Conversely, the “strict constructionists” suffer from truncated thinking as well. The courts’ dilemma arises from the language “properly joined and served.” No service, no restriction. But is that the only way the language can be read? Another possibility is that Congress meant a defendant that could be properly joined and served, rather than one that has already been properly joined and served. Is there anything in the language or the statute that precludes this result? Or take another approach: Is not the party that removed waiving service? Essentially, it has chosen to forgo the formal procedures of service. Hasn’t it in effect been served? There may be other possibilities too, even if not the most obvious approach to the language. Surely, it does no violence to the language of the statute to construe it this way. So just as the policy, which seems to disfavor snap removal, can be understood as encouraging it, so too the language, which seems to permit removal, can be read to preclude it.
It therefore seems to be that the courts deciding on “snap” removal have done poor work on both sides of the equation. From the standpoint of the largest policy objectives, a corporate defendant worried about the fairness of procedures in even its own state courts has every reason to want to be, and maybe should be allowed to proceed, in a federal court where, but for the plaintiff filing first, it might otherwise be. Likewise, too crabbed an approach to “properly joined and served” means that the anti-homering provision may be vitiated, whereas it would be perfectly sensible to construe the language to maintain its original intent.

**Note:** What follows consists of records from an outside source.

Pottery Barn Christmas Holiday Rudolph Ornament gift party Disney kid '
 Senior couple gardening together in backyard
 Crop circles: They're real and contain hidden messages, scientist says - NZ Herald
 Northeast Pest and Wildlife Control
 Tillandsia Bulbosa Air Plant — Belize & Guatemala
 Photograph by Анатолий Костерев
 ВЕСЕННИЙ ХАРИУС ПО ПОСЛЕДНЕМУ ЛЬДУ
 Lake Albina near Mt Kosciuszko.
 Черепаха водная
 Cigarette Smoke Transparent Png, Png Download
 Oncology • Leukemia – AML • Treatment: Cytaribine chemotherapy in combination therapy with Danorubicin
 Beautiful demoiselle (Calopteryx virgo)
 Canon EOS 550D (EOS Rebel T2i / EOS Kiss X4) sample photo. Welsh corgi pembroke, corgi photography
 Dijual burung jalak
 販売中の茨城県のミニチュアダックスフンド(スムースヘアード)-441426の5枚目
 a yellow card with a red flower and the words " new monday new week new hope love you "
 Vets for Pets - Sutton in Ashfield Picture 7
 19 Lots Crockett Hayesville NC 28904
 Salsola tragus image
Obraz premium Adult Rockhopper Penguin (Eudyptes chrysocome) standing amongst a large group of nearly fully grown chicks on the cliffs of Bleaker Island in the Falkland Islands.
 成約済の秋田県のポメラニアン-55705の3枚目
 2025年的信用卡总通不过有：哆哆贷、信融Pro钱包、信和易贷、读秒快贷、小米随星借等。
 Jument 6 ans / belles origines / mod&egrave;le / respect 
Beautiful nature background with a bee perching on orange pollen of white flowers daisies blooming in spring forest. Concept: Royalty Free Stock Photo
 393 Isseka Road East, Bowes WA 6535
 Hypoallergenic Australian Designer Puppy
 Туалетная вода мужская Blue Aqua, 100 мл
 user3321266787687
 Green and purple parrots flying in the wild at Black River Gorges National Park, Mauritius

At the deepest level, the problem of “snap removal” elucidates the problem of statutory interpretation. Generally speaking, words do not interpret themselves. They arise in a context. Anyone who has ever dealt with the words “hew” or “cleave” knows that you need context—the sentence as a whole and the author’s intention—to know whether these mean “cut apart” or “cling to.” And when dealing with the law, policy matters too. “The law wishes to be the discovery of what is,” the philosopher tells us. It aims at fairness and truth, even if it doesn’t always or ever quite get there. No law should be construed to bring about a manifest injustice, if that can be avoided.
In dealing with any statute, all three things need be considered: words, intention, and policy. None can be considered without the others. Just as the words need intention and policy to be understood correctly, policy ought to be limited by words and intention. Congress’s own determination of what that policy should be is expressed in the words it chose for a purpose it, hopefully, has evinced. Similarly, congressional intention may, particularly in doubtful cases, need the words and the policy to reveal or even correct it. This is what real statutory construction is all about. Too bad the courts at issue did not address “snap removal” in such clear terms.
As a final note, the application of those principles to constitutional interpretation ought not be overlooked. Too often in the modern age the argument has been between so-called “strict constructionists,” who focus on words, and “living constitution” theorists, who dwell on policy concerns. Perhaps these reflections on the removal statute can show us a better way: a three-part process by which words and policy are seasoned by intent. The most striking element of contemporary debates is how little either “originalism” or policy debates on the Constitution have focused on what the founders who wrote the documents themselves intended by what they said. Their prudent judgment may not serve as the last word, any more than Congress’s intention to prevent home-state defendants from removing would be. But surely it is a part, and an essential part, of any interpretation equation.